The provincial Tories are crying foul over the government’s handling of a freedom of information request concerning a scandal involving a former cabinet minister.
The Conservatives filed an access to information request under the Freedom of Information and Protection of Privacy Act (FIPPA) in May 2012 to find out whether former immigration and multiculturalism minister Christine Melnick had directed government bureaucrats to invite members of the city’s immigrant community to a legislative debate.
That request failed to turn up evidence that Melnick directed an assistant deputy minister in her department to issue the invitation, something she denied at the time.
However, when the Tories filed virtually the same FIPPA request this past January, they received a copy of an e-mail that would have forced Melnick and the NDP to admit the minister’s involvement 17 months before it was revealed in a report by the provincial Ombudsman.
FIPPA becoming 'government protection program': Tories
Progressive Conservative House Leader Kelvin Goertzen said the fact that an incriminating e-mail was withheld when his party made its first request raises concerns about the integrity of the access to information process in Manitoba.
"I think that the problem is that the freedom of information program has become something like the government protection program," said Goertzen.
Among the information the Tories received in its second FIPPA request was an e-mail from a civil servant to several other bureaucrats, including Melnick’s assistant deputy minister Ben Rempel, concerning the invitation. (Rempel wound up sending out the invitation.)
The first sentence of the missive, dated April 18, 2012, begins: "As requested by the Minister...," confirming Melnick’s role in the matter.
Goertzen said if the government does not provide an adequate explanation for failing to include the email in its first FIPPA request, the Conservatives will file a complaint with the Ombudsman’s office.

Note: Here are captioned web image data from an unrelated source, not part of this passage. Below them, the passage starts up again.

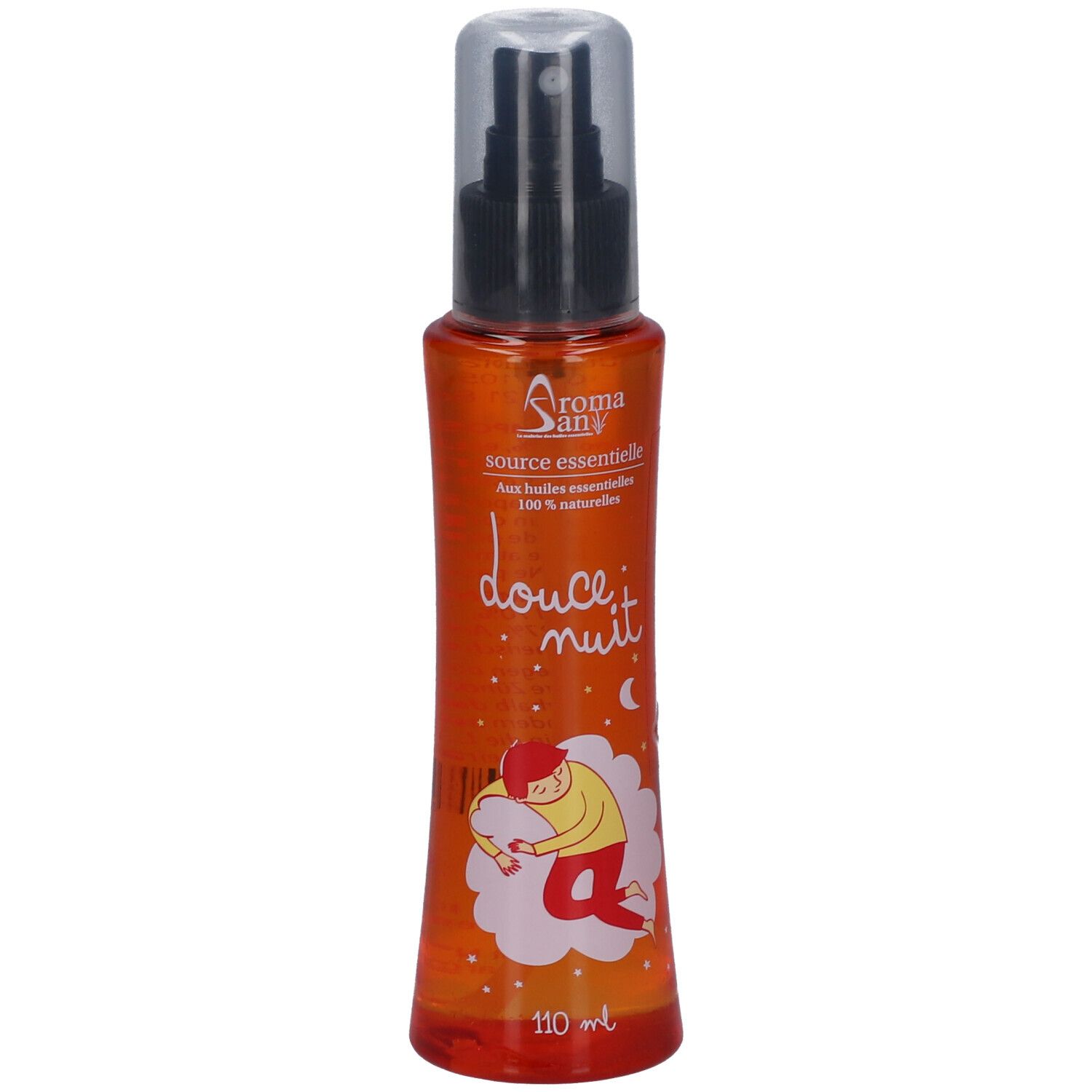 Orangefarbene Sprühflasche mit schwarzem Sprühkopf. Aufschrift "douce nuit" und Illustration eines schlafenden Kindes.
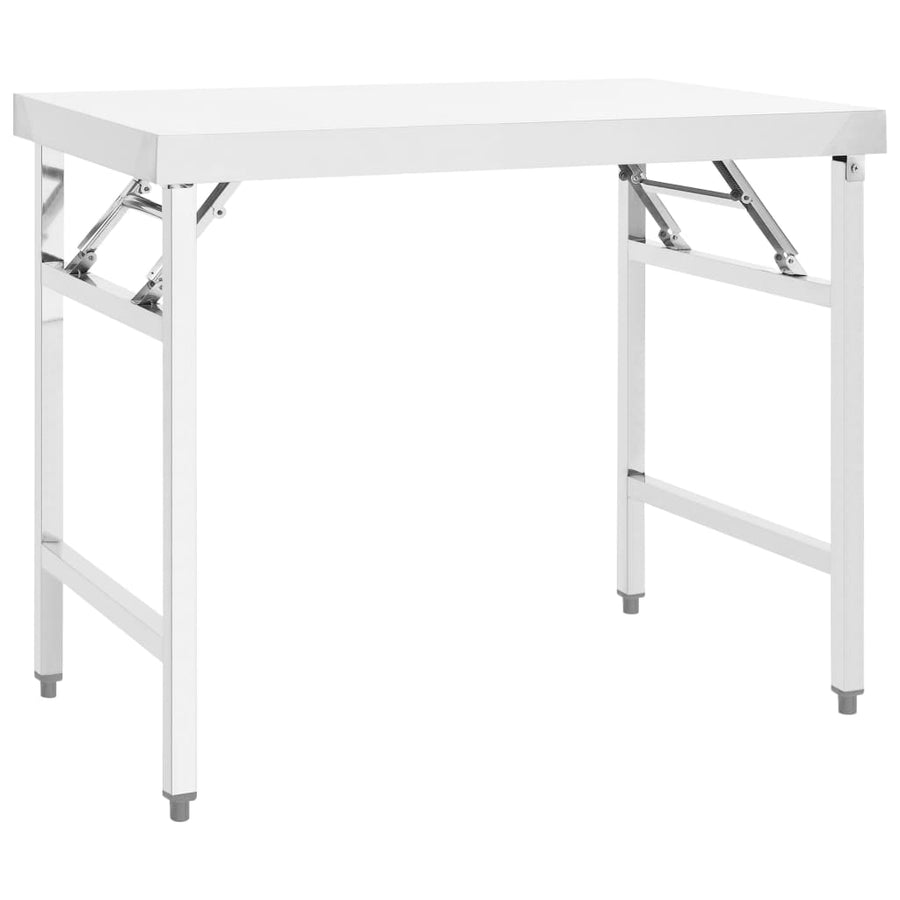 Keukenwerktafel Inklapbaar Roestvrij Staal 100 x 60 x 80 cm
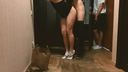 Entrance exposure 12 Seduce the delivery brother Masturbation with her husband hiding right next to her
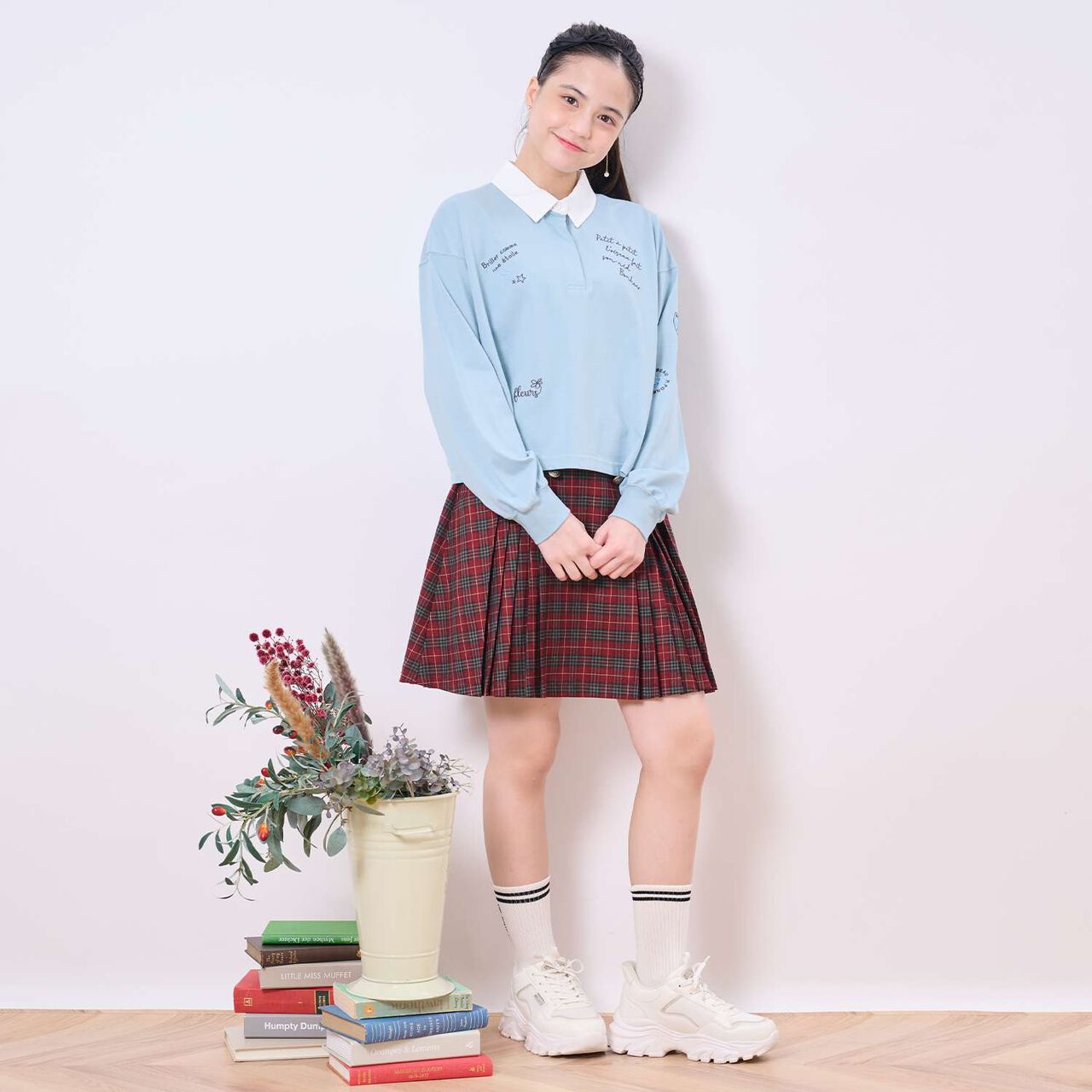 Button Pleated Skirt-Pants,Gray, large image number 14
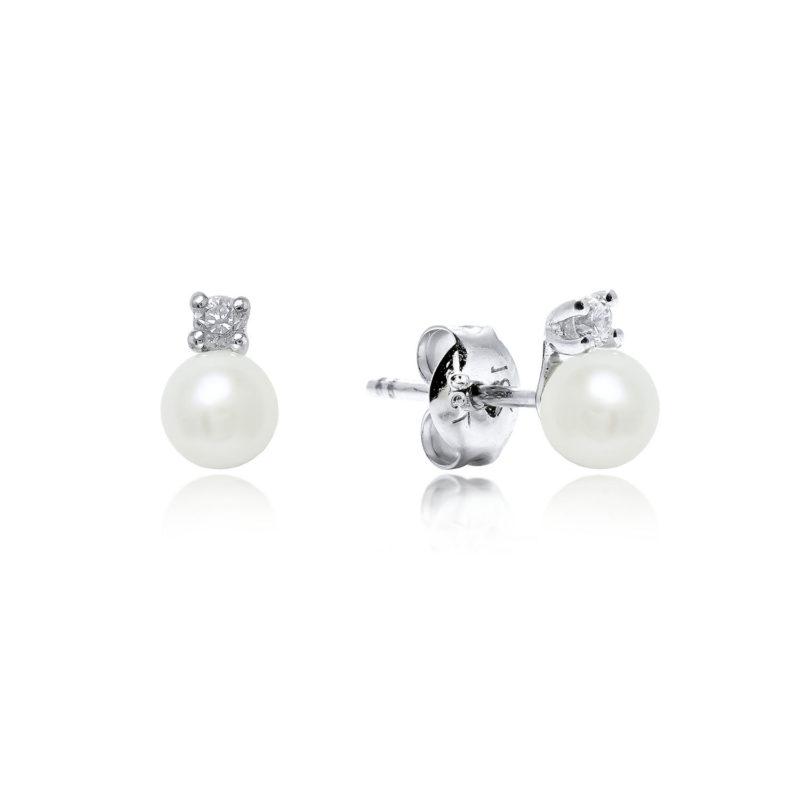 18ct white gold pearl and diamond studs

E-mail 'simply missed': government
Jeff Parr, deputy minister for the Department of Labour and Immigration (as the portfolio has been constituted as since last fall), issued a statement Friday afternoon explaining that the department simply missed the incriminating email when it was first asked to retrieve it in the initial freedom of information request.
"There was no political direction to hold the email -- it was simply missed at the department level," Parr said in a statement.
He said the department discovered the missed email after the provincial Ombudsman requested in June 2012 that the government take another look into its files to see if anything had been missed. "The email was discovered in the course of that second search and provided to the Ombudsman in June of 2012," Parr said.
Christine Melnick was dropped from cabinet this past October. In December, her involvement in directing a government bureaucrat to invite members of the public to a partisan political event was revealed in a report by the Ombudsman.
Melnick was expelled from the NDP caucus Feb. 4 after accusing Premier Greg Selinger of making her a scapegoat in the controversy. She claimed it was Selinger’s senior political advisers who were behind Rempel’s invitation.